In this assignment, you will study the memory system.
Since GPUs execute on a wavefront/warp granularity, they will also generate multiple memory requests from the same wavefront/warp. However, often those memory addresses are the same across all threads within the wavefront/warp.
You will be implementing a counter that will track the number of times there is a warp with all the active threads requesting access to the same memory address. The process for creating the counter in the CSR and printing out out the result in the driver is the same as in Assignment #1, but the file we are particularly interested in modifying, VX_lsu_unit.sv, does not include the performance counter interface. For this assignment, the most appropriate interface is located at /vortex/hw/rtl/mem/VX_mem_perf_if.sv. Add access to this interface by adding the following lines in the I/O list of "module VX_lsu_unit":
`ifdef PERF_ENABLE
VX_perf_memsys_if perf_memsys_if,
`endif
In VX_lsu_unit.sv, a signal called lsu_is_dup is set to high when all the active threads request the same memory address as thread 0. Study closely how this signal is implemented and use it to update the counter.

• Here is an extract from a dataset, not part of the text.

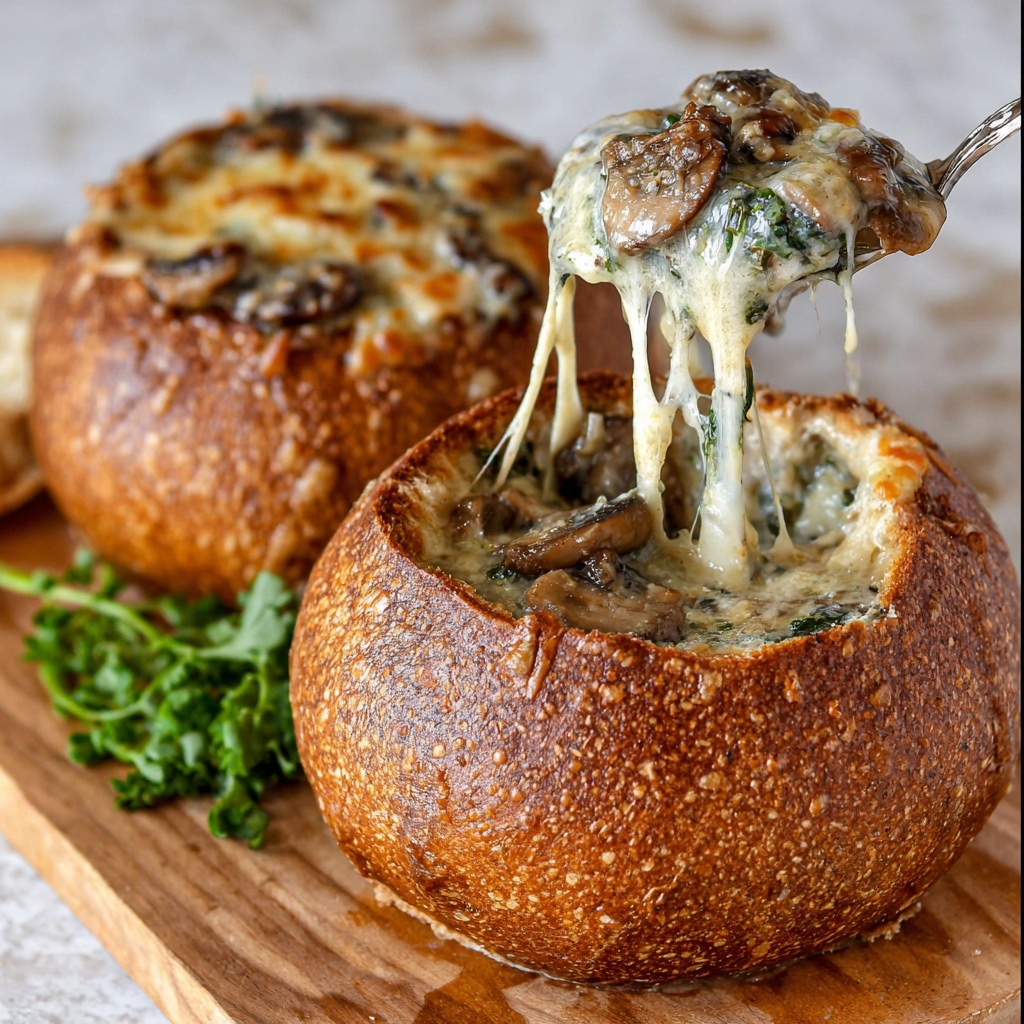 Philly Cheesesteak Soup Recipe - Recipe Image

You will need to print this counter in the results, for which you must assign the value of this counter to a wire in the perf_memsys_if interface linked to the CSR, then modify the driver code at /vortex/driver/common/vx_utils.cpp, similar to Assignment #1.
Explore how the hits and misses in the D-cache and I-cache are handled and how the counters for D-cache/I-cache reads and misses are programmed.